Working Mode Identification Method for High Arch Dam Discharge Structure Based on Improved Wavelet Threshold-EMD and RDT Algorithm

Prototype vibration response data of high arch dam discharge structures inevitably mix various noises under the discharge excitation, which adversely affects the accuracy of the working modal identification of the structure. To effectively filter noise and reduce modal aliasing for better identification accuracy, this study proposes an improved modal threshold identification method based on an improved wavelet threshold-empirical mode decomposition (EMD) and random decrement technique (RDT) algorithm for high arch dam discharge structures. On the basis of the measured vibration response data of the dam, the wavelet threshold is adopted to filter out most of the high-frequency white noise and to reduce the boundary accumulation effect of EMD decomposition. Detrended fluctuation analysis (DFA) is utilized to filter white noise and low-frequency flow noise after EMD decomposition. The natural frequency and damping ratio of the structure system are obtained by the improved RDT algorithm. The engineering examples show that the proposed method can accurately filter the measured vibration response signal noise of the discharge structure, retain the signal characteristic information, improve the accuracy of working modal recognition of the structural vibration response, avoid the complex ordering process of the system, and ease the working modal parameter identification of high arch dam discharge structures.
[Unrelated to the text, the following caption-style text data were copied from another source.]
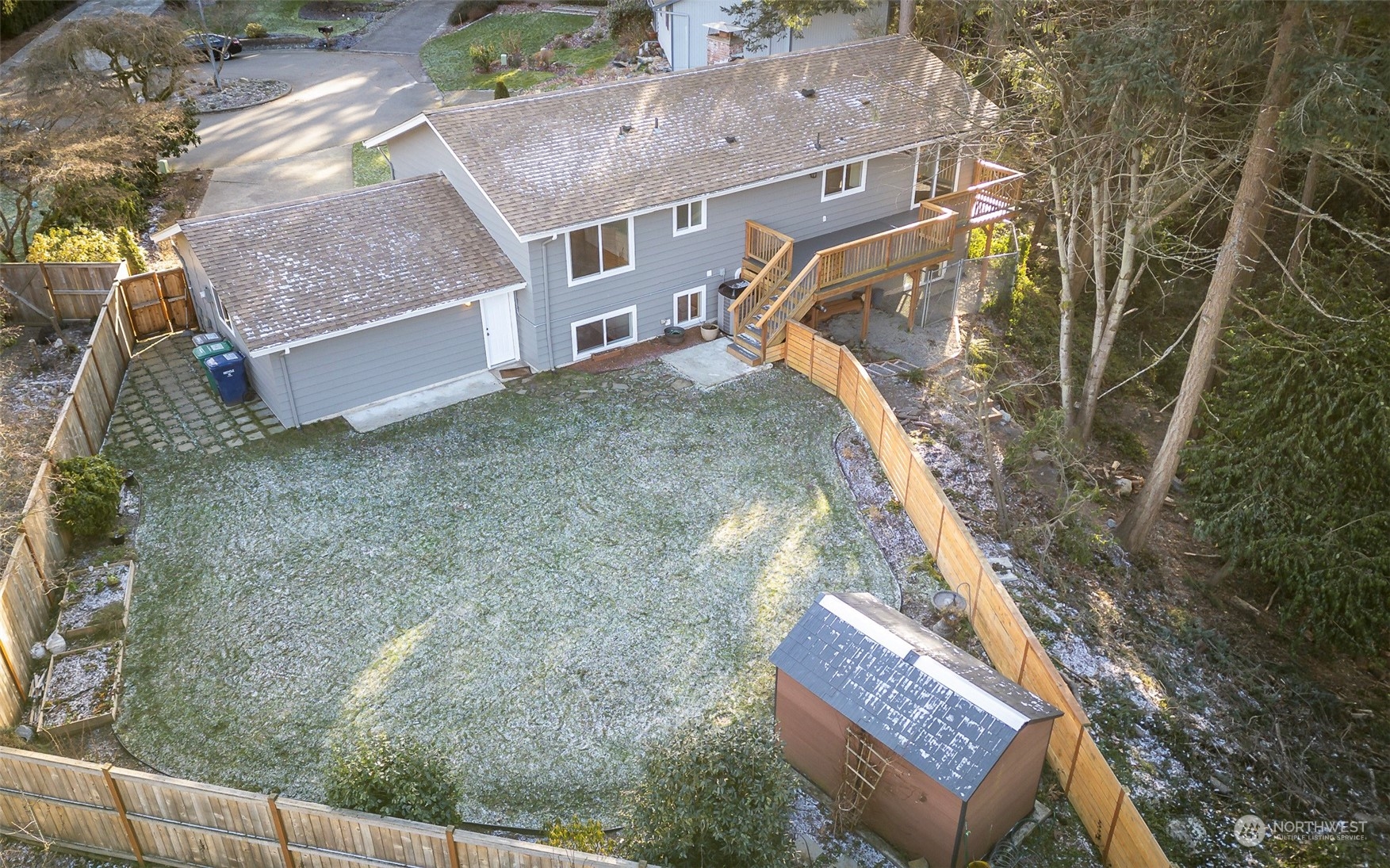 3016 Southwest 325th Place Federal Way, WA 98023 - Photo 33 of 40 a view of roof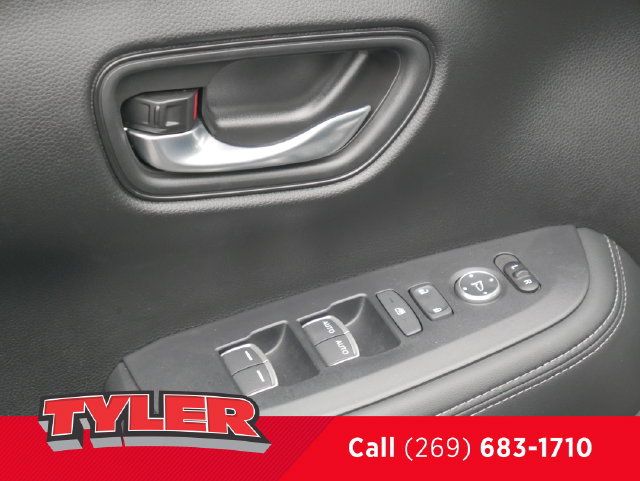 Used 2024 Honda HR-V EX-L image 19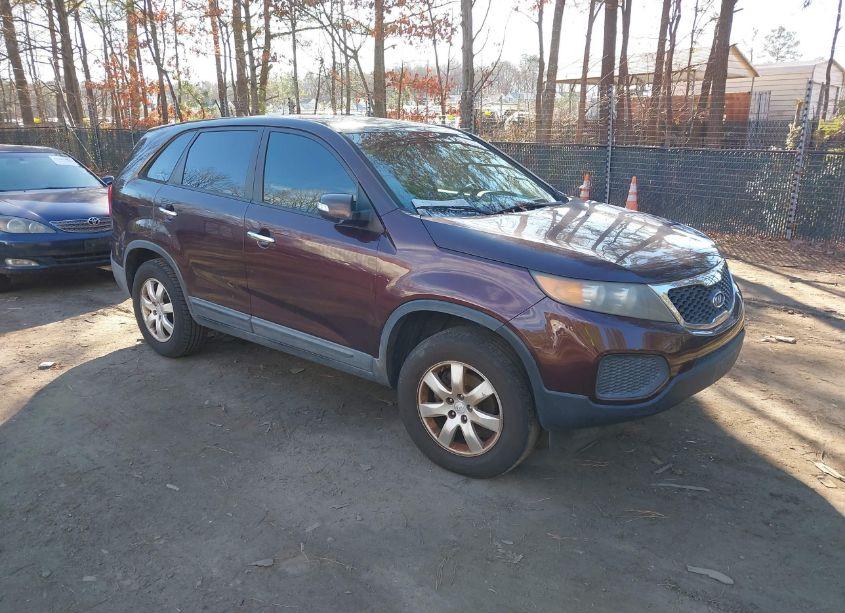 2011 Kia Sorento LX (VIN 5XYKT3A15BG126974) main photo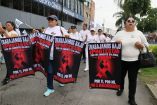 CUERNAVACA, MORELOS, 08OCTUBRE2026.- Miembros de la sección XIX del Sindicato de Trabajadores del Seguro Social marcharon desde la clínica número 1 del IMSS hasta las instalaciones del sindicato para exigir mejoras salariales, un diálogo entre la base trabajadora y los líderes sindicales; además de exponer que trabajan con pocos insumos medicos. FOTO: MARGARITO PÉREZ RETANA/CUARTOSCURO.COM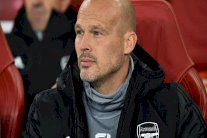 ليونغبرغ متحفظ حول مستقبله مع أرسنال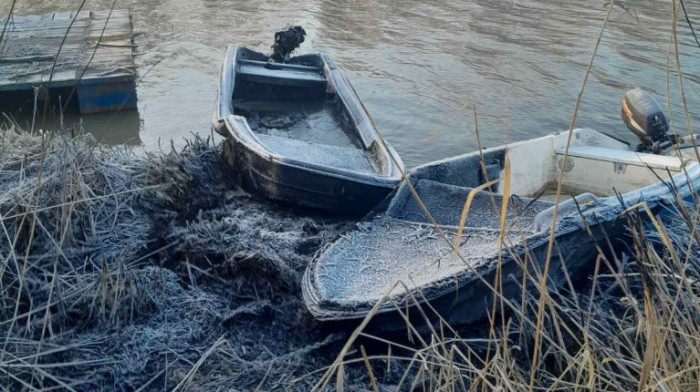 Zapaljena dva čamca ribočuvarske službe u Bečeju: Sumnja se na ribokradice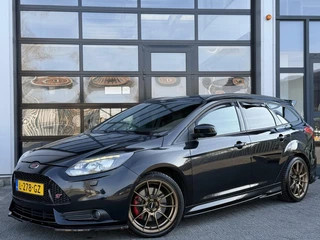Ford Focus Wagon 2.0 EcoBoost ST-3 250PK+ / MAXTON / LUXE /L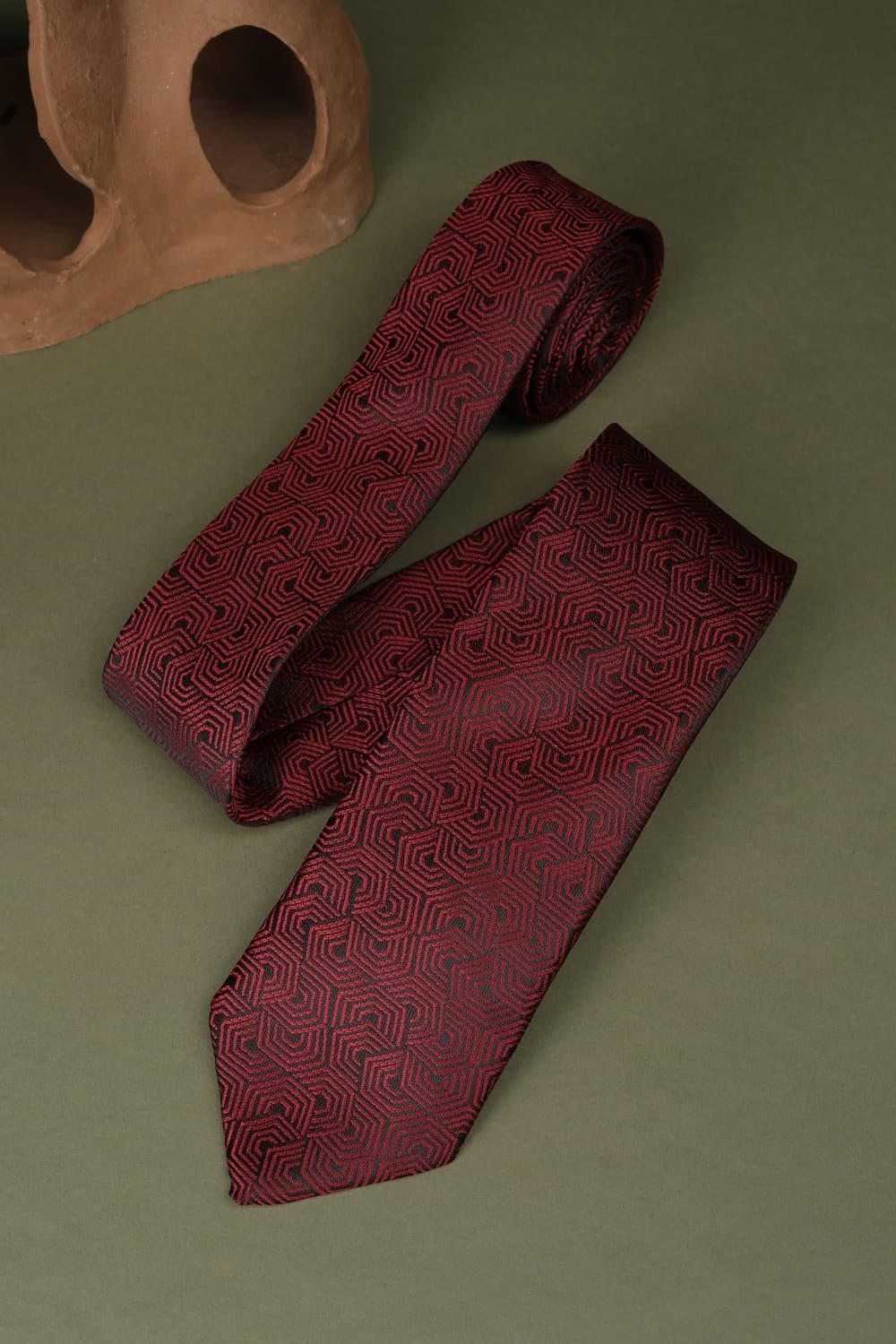 Men Maroon Embroidered Formal Tie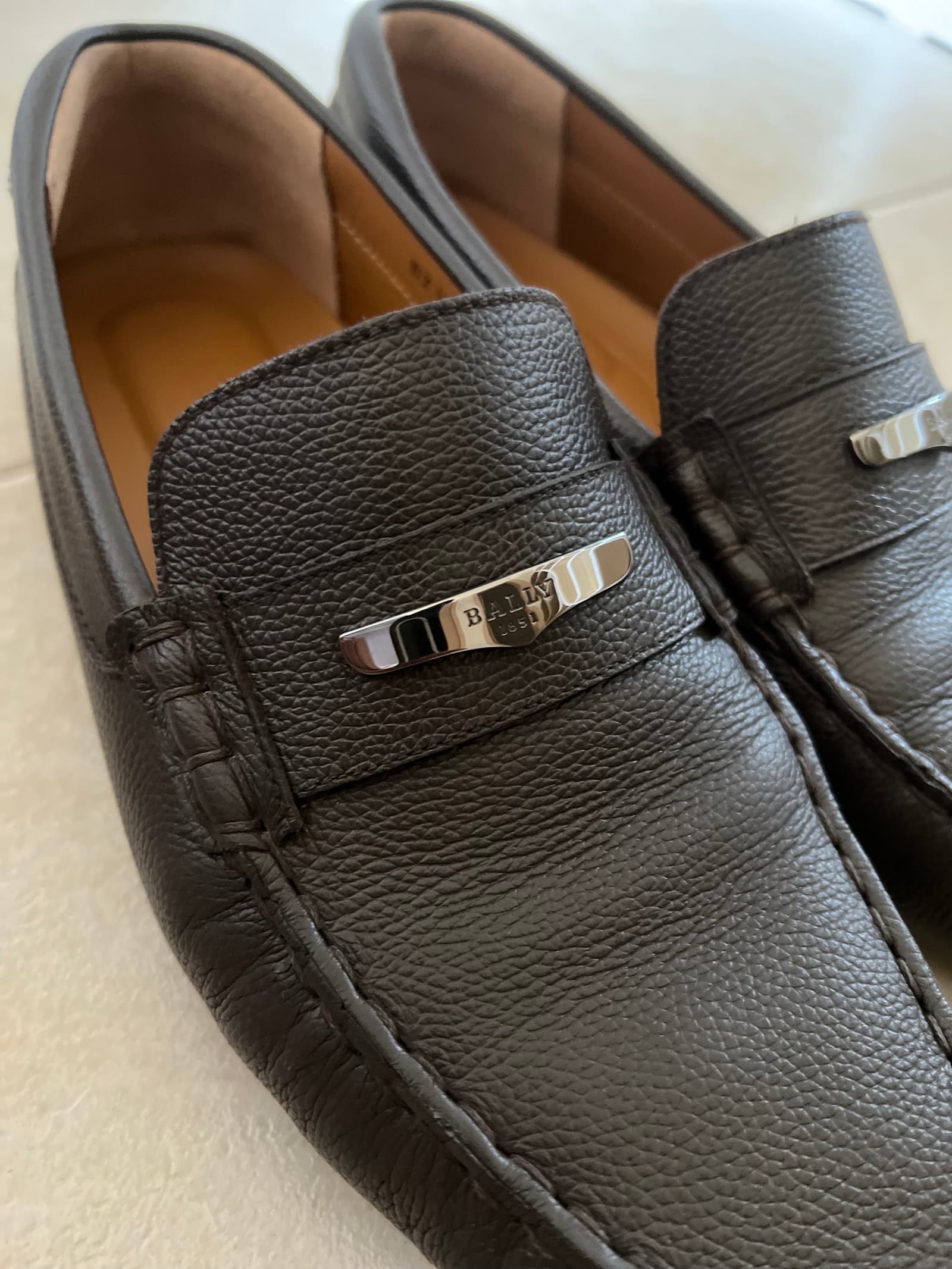 حذاء ماركة BALLY رجالي لون أسود ومتوفر لون بُني غامق موديل 2023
This method can be applied to the mode identification of other large structures, as well.

Automated summary

This study proposes an improved modal threshold identification method for high arch dam discharge structures, aiming to filter noise and reduce modal aliasing for better identification accuracy. The method utilizes wavelet threshold-empirical mode decomposition and random decrement technique to process vibration response data and obtain the characteristic parameters of the structure system. Engineering examples demonstrate the effectiveness of this method.